Dividing u · v = −17.5 with |u| = 3.5 yields the distance OP = −5. The distance is negative because it is in the opposite direction than u on the line containing u.

#### 3.2  Perpendicular Foot Point

The perpendicular projection of v on the line of u is the point denoted P.  The point P is called the perpendicular foot of v on the line of u. The coordinates of P can be found by scaling the unit vector of u with the distance OP.

$\text{unit vector of } \mathbf{u} = \mathbf{\hat{u}} = \frac{\mathbf{u}}{\vert \mathbf{u} \vert} = \left( \frac{u_{x}}{\vert \mathbf{u} \vert}, \frac{u_{y}}{\vert \mathbf{u} \vert} \right)$

$\mathbf{\hat{u}} = \left( \frac{2.8}{3.5}, \frac{2.1}{3.5} \right) = (0.8, 0.6)$

\begin{align} OP \mathbf{\hat{u}} & = -5(0.8, 0.6) \\ & = (-4, -3) \end{align}

#### 3.3  Vector Subtraction (Distance to Line)

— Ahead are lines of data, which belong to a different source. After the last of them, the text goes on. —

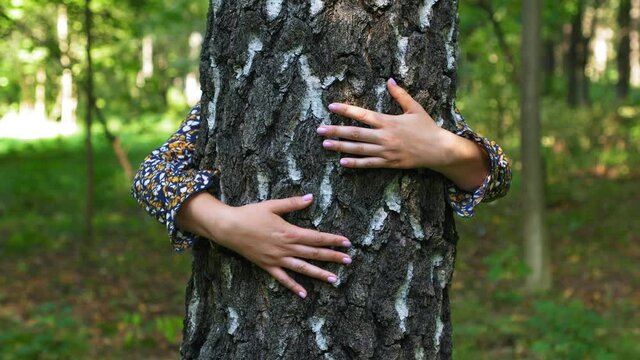 Hugging a tree in a forest. A female environmental activist puts her arms around a tree. In love with Nature. Filmed with a tele lens in UHD.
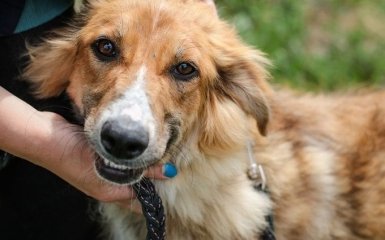 Поможем вместе: приют для бездомных животных "Сириус" запускает проект "Корпоративный Вольер"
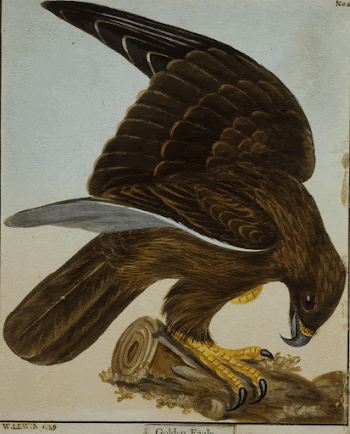 Golden Eagle, No. 2 (1789) | Free Photo - rawpixel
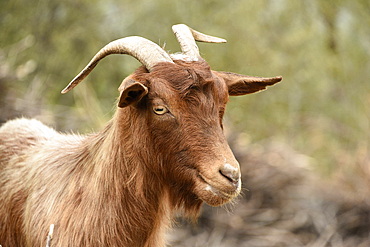 Domestic goat, Albania, Europe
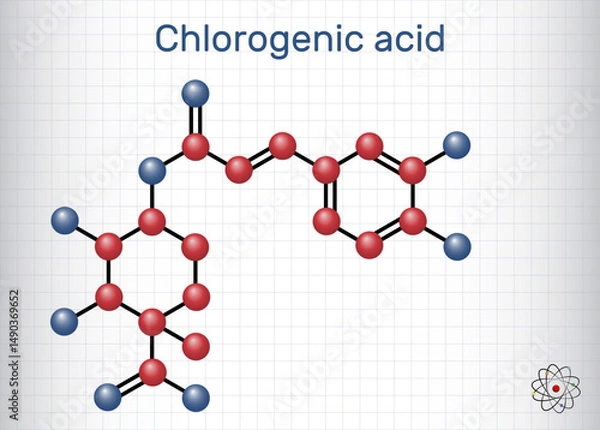 Fototapeta Chlorogenic acid molecule. Chemical structure of plant-based polyphenol antioxidant. Sheet of paper in a cage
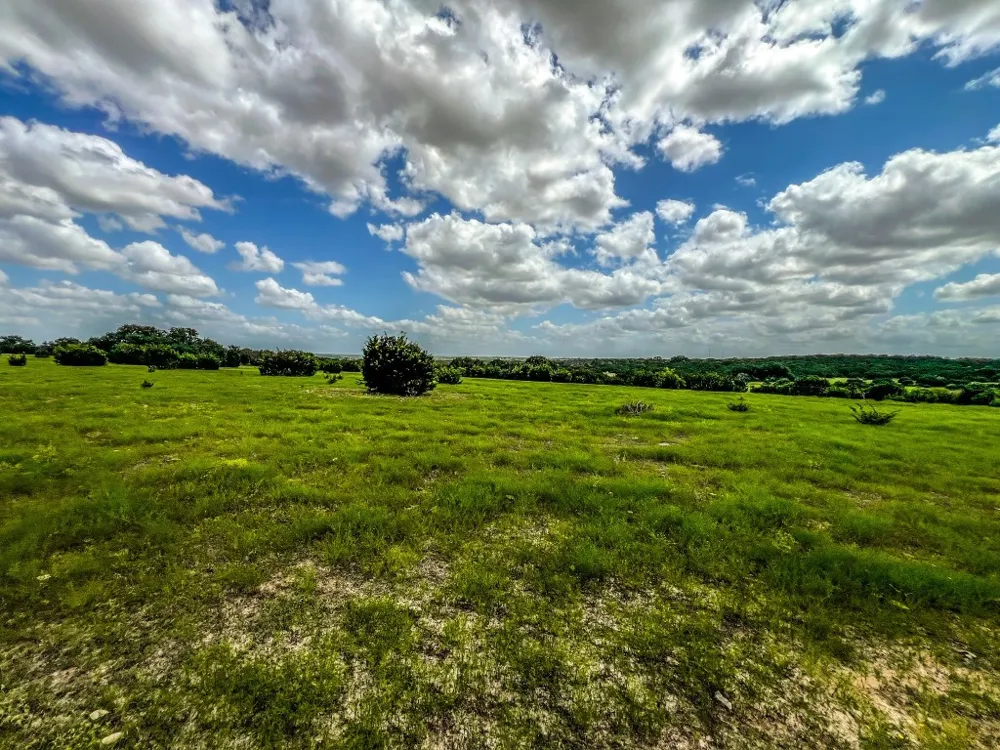 1220 County Road 225 Briggs, TX 78608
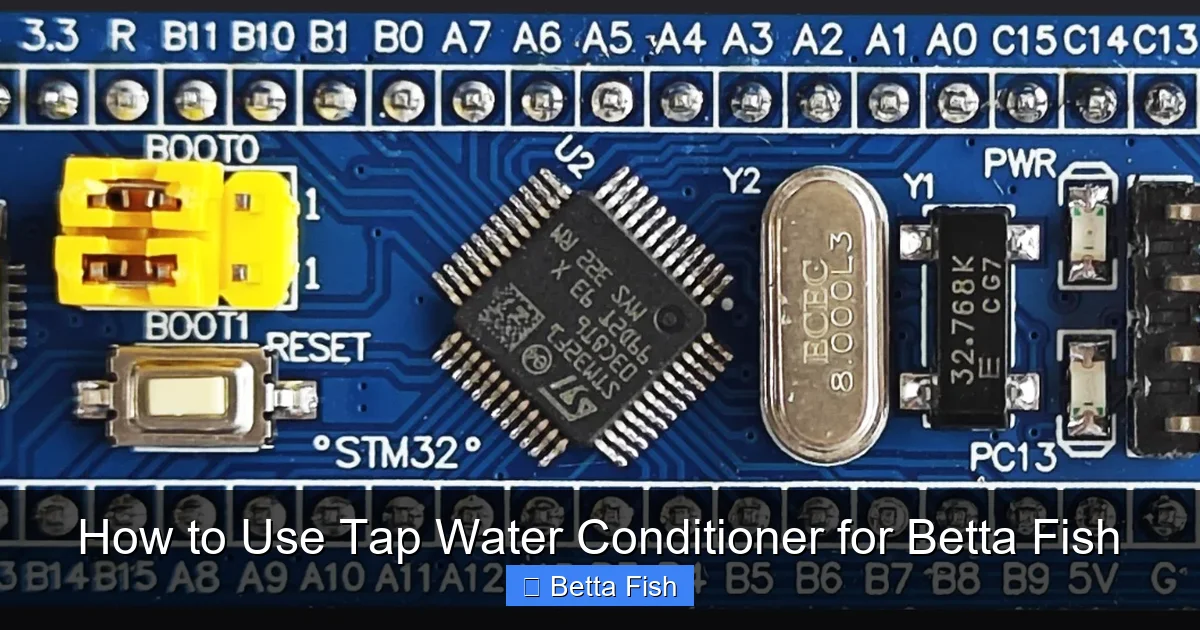 How to Use Tap Water Conditioner for Betta Fish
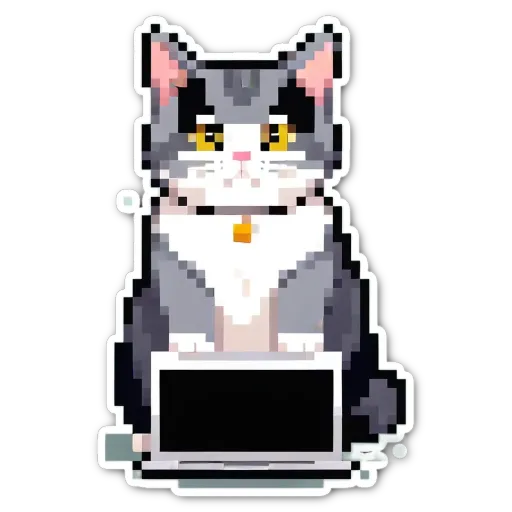 A cat sitting on a laptop with a black and white face.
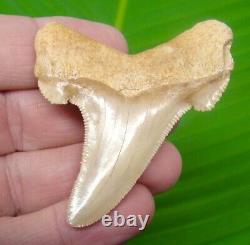 AURICULATUS Shark Tooth 2 & 11/16 in. MEGALODON ANCESTOR LIGHT ORANGE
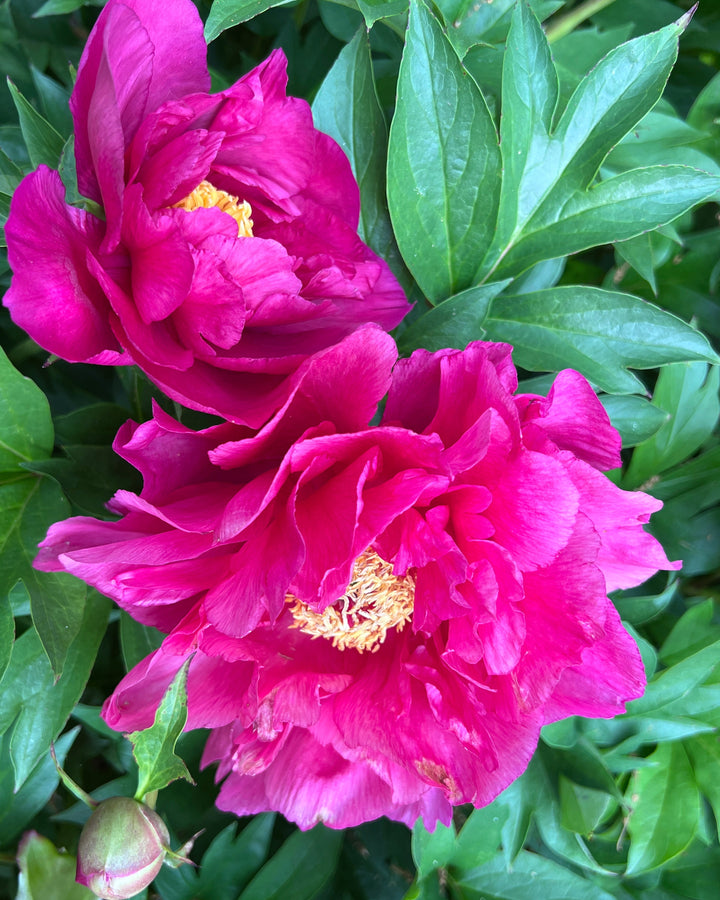 Paeonia Garden Candy® ‘Noa Jolie™’ (Itoh Peony)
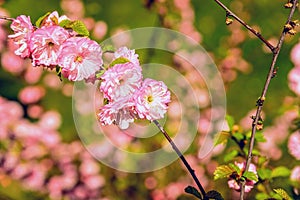 Spring Flowers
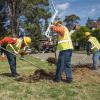 StreetsLA Urban Forestry Tree Planting
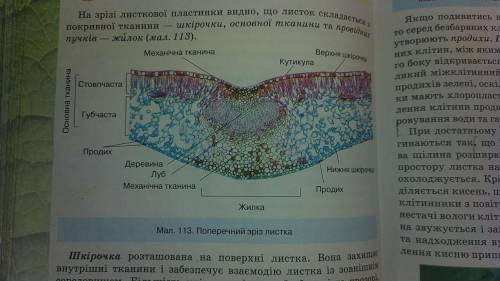 На картинке названия, нужно написать 'особливо особливости будови' и функции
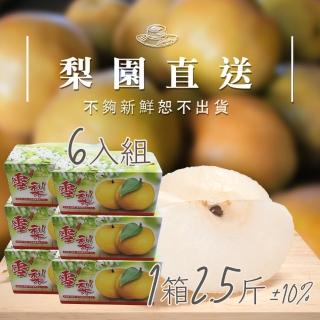 【梨園直送-中秋禮盒】職人栽培寶島大王級新興水梨1箱2.5斤2顆裝共六箱(不夠新鮮不出貨)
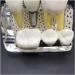 4x Enlarged Teeth Model for Dental Education | Implant & Crown Simulation | Ideal for Teaching & Demonstration - Buy Online on GoSupps.com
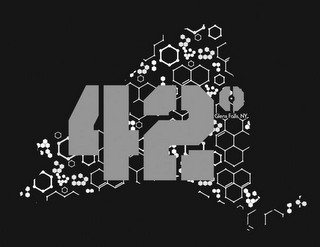 42º GLENS FALLS, NY logo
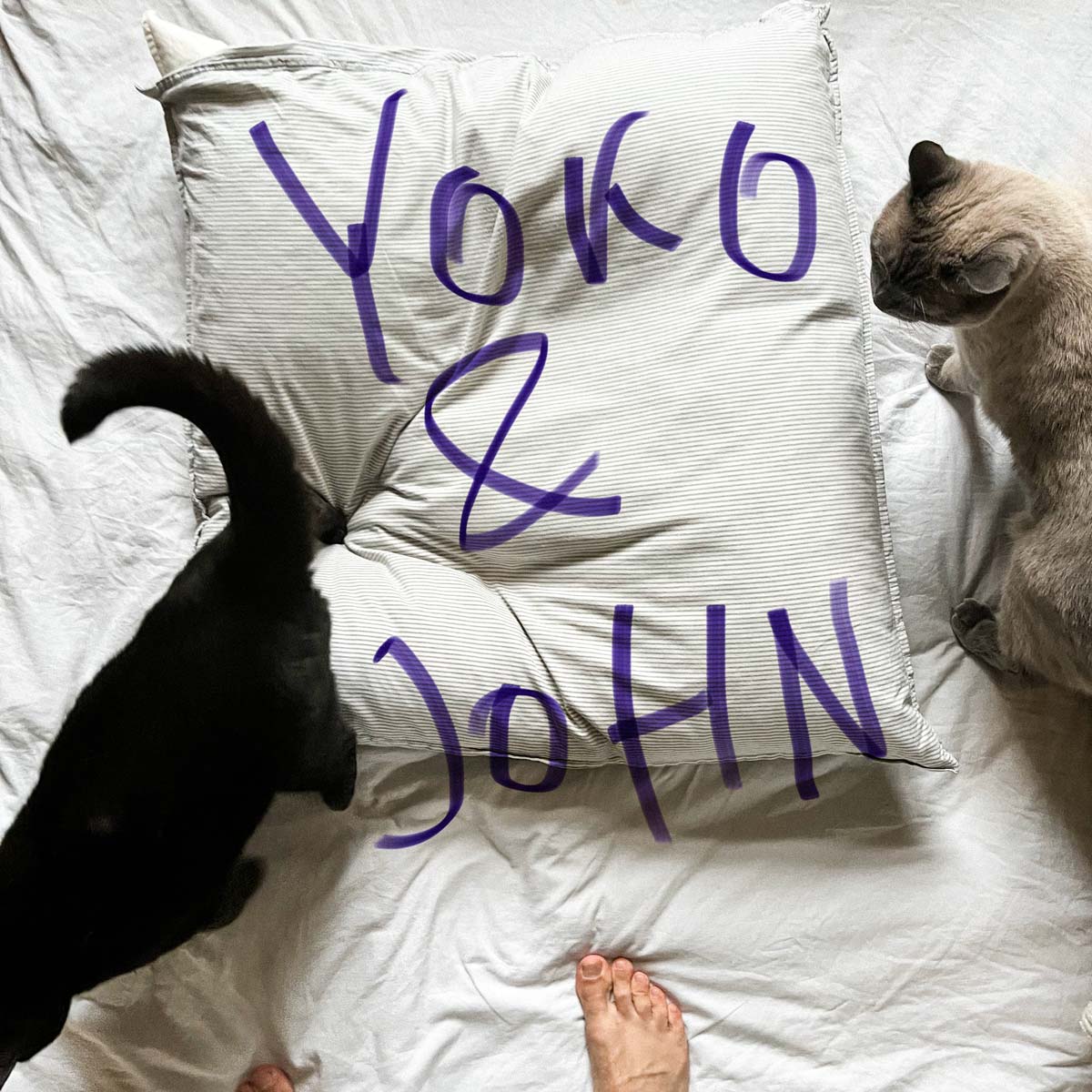 Amir Sufi & Barska - Yoko & John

Vector subtraction is simply vector addition with one of the vectors scaled with −1. The result is a vector that extends from the head of one of the vectors to the head of the other vector. In this case, it gives us a vector joining the head of v with the point P (head of OP). The length of that vector is the shortest distance from the head of v to the line containing P.

Denoting that vector as d:

\begin{align} \mathbf{d} & = \mathbf{v} - OP \mathbf{\hat{u}} \\ & = \mathbf{v} + (-OP \mathbf{\hat{u}}) \\ & = (-7, 1) + (4, 3) \\ & = (-3, 4) \end{align}

The length of d is the shortest distance from the head of v to the line of u.

\begin{align} \vert \mathbf{d} \vert & = \sqrt{-3^{2} + 4^{2}} \\ & = \sqrt{9 + 16} \\ & = \sqrt{25} \\ & = 5 \end{align}

Sometimes we only need the square of the distance, to compare to other squared distances — in that case, the square root may be skipped.